The term user journey is often used with software and describes the culmination of experiences a person has when interacting with something such as a website to accomplish their goal. For instance, Bob wants to buy a hammock on Amazon so he boots up his computer to navigate to Amazon’s site. Every action he takes from typing hammocks in Amazon’s search field to clicking the Add to Cart box to filling in the personal information for shipping and billing in the checkout process to purchasing the product are included in his journey to purchase the hammock.
The user journey is a term commonly used in user experience fields. Professionals will often create user journey maps to visualize the process a person goes through to reach their goal. Journey mapping combines both storytelling and visualization to convey information in a memorable, concise way.
The key parts of a journey map include:
- The persona, or actor experiencing the journey.
- The scenario that addresses a user’s goals and needs and the expectations they have for the experience.
- The actions, mindsets, and emotions a user experiences throughout their journey.
- The journey phases are the high-level stages a persona goes through in a scenario.
- The insights for improving a user journey found after analyzing the scenario.

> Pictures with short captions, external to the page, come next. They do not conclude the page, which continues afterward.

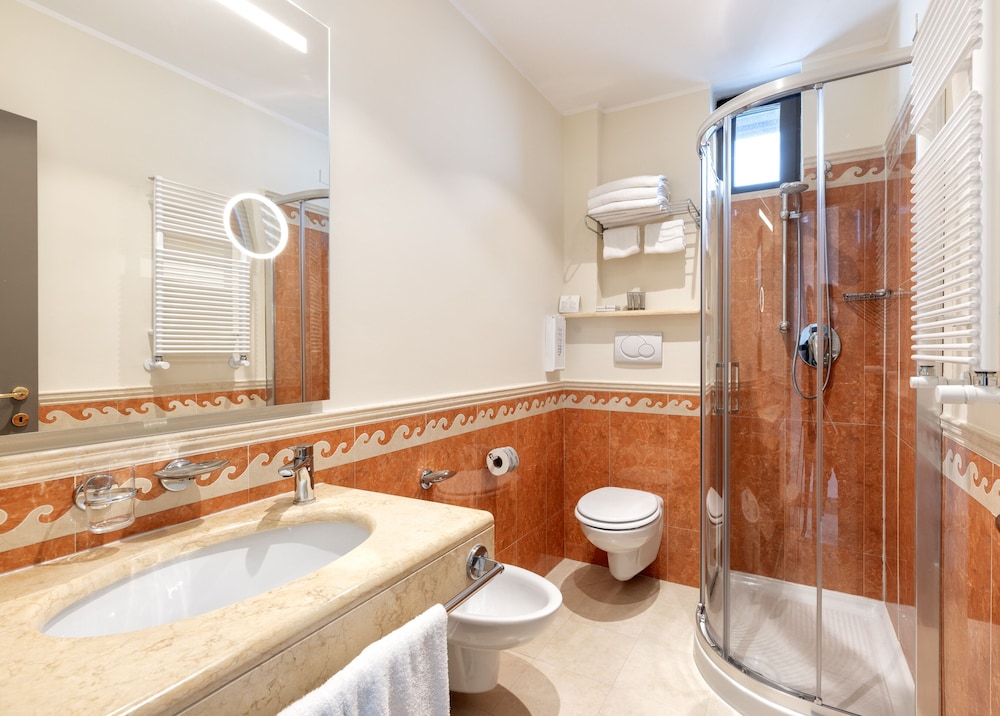 Deluxe Triple Room - Photo 11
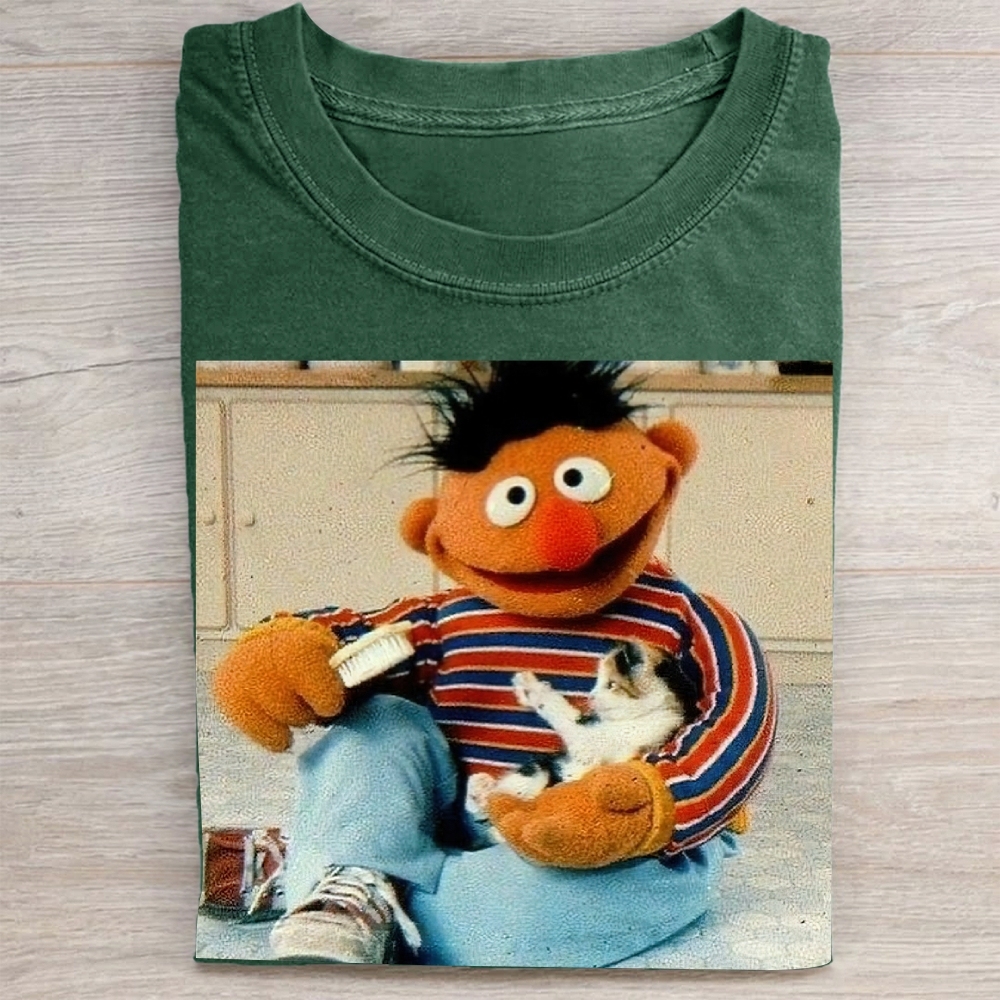 "Ernie & Kitten" Sesame Street Vintage Washed Tee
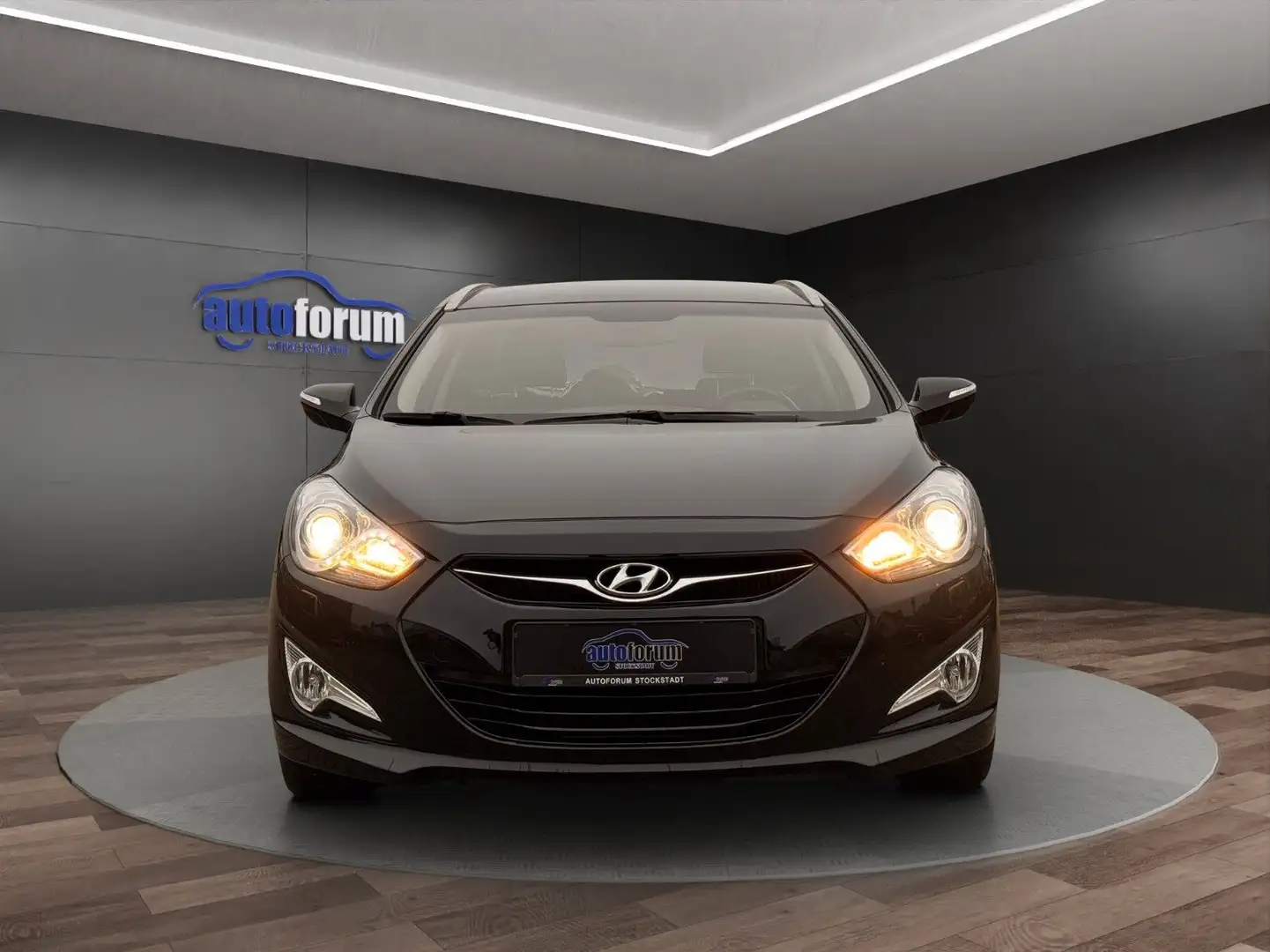 Hyundai i40 cw 5 Star Edition AHK°2.HAND°XENON°PDC°SHZ Noir - 2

To create a successful journey map make sure to use both quantitative and qualitative research, identify the business goal the map will support, involve other stakeholders to compile data and build the map, and wait to create the visualization until you have all the data and understand it.
Big no-nos for constructing your journey map include:
- Prioritizing without customers.
- Overcomplicating journey mapping.
- Getting paralyzed by process and outcome.
- Build a map without defensible data.
- Confuse touchpoint map with a customer journey map.
- Forget to scope the map.
- Allow the voice of the employee to replace the voice of the customer.